━━━━━ SOURCE RECORDS ━━━━━

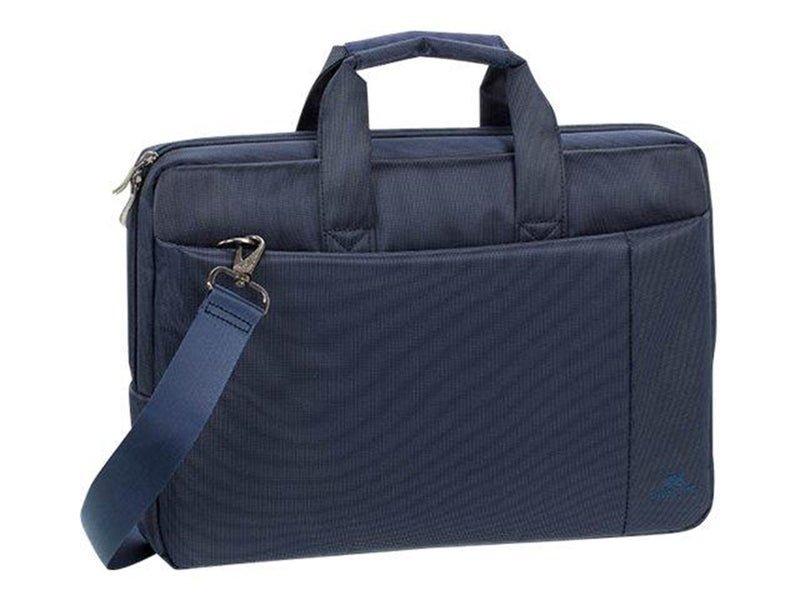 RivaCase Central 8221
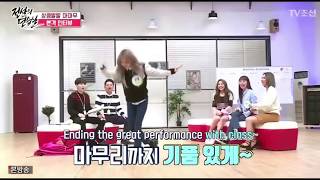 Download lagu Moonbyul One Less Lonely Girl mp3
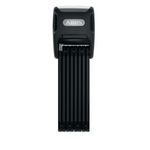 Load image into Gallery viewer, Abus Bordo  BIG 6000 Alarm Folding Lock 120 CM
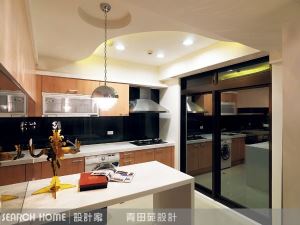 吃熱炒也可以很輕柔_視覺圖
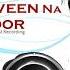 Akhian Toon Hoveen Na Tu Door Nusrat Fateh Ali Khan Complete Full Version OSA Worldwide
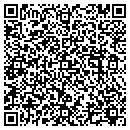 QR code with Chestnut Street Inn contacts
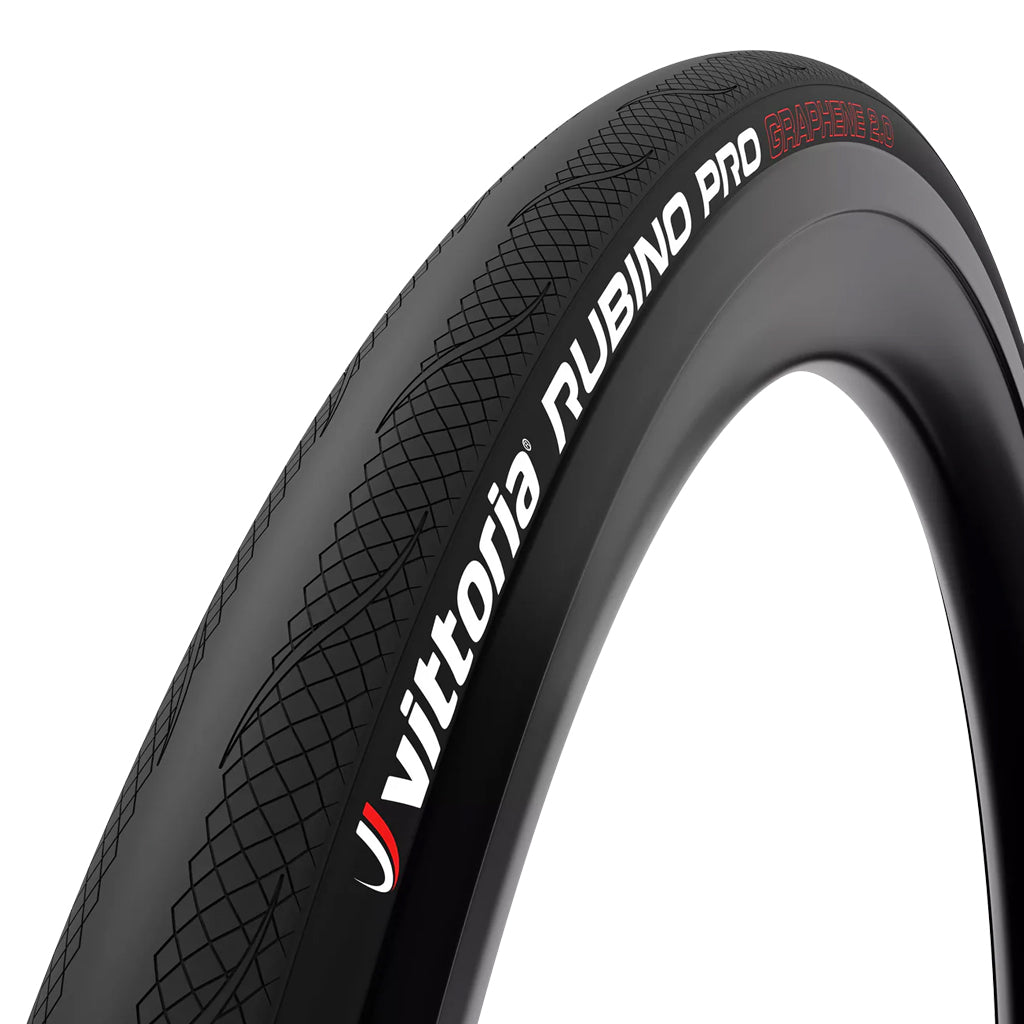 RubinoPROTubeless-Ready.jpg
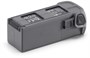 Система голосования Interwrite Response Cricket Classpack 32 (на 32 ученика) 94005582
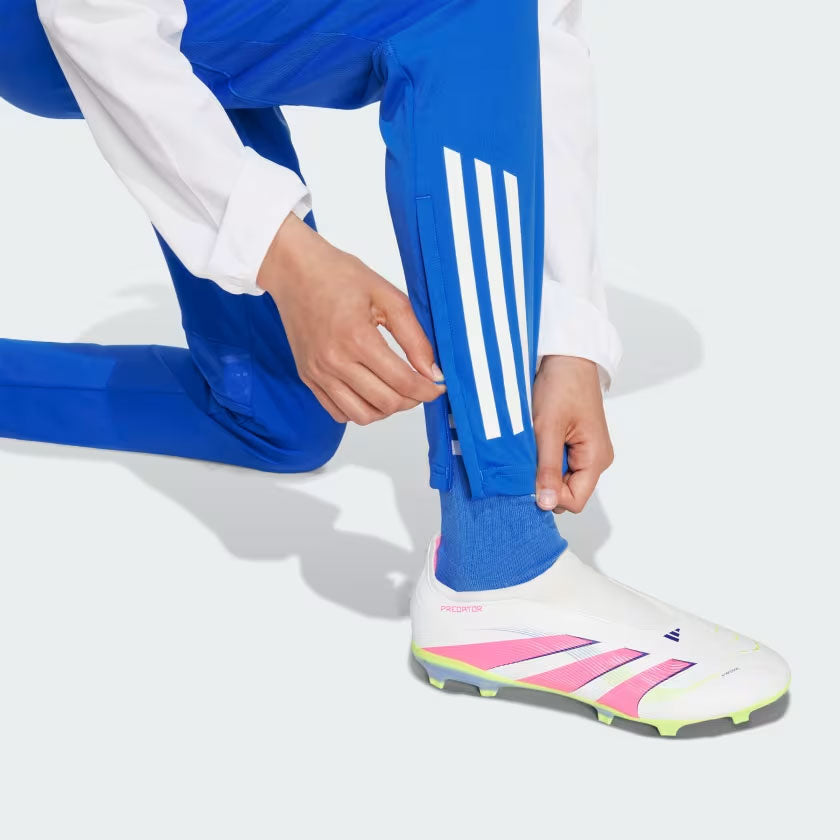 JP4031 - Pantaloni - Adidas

━━━━━
━━━━━ SOURCE RECORDS ━━━━━

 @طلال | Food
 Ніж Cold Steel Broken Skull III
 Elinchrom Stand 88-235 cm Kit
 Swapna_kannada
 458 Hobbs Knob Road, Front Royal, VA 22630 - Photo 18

━━━━━

PROMPT:
Among the entries above, the line containing "Ніж Cold Steel Broken Skull III", the line containing "458 Hobbs Knob", and all lines between them are to be restated word for word; nothing else belongs in the reply.

RESULT OF THE EXERCISE:
 Ніж Cold Steel Broken Skull III
 Elinchrom Stand 88-235 cm Kit
 Swapna_kannada
 458 Hobbs Knob Road, Front Royal, VA 22630 - Photo 18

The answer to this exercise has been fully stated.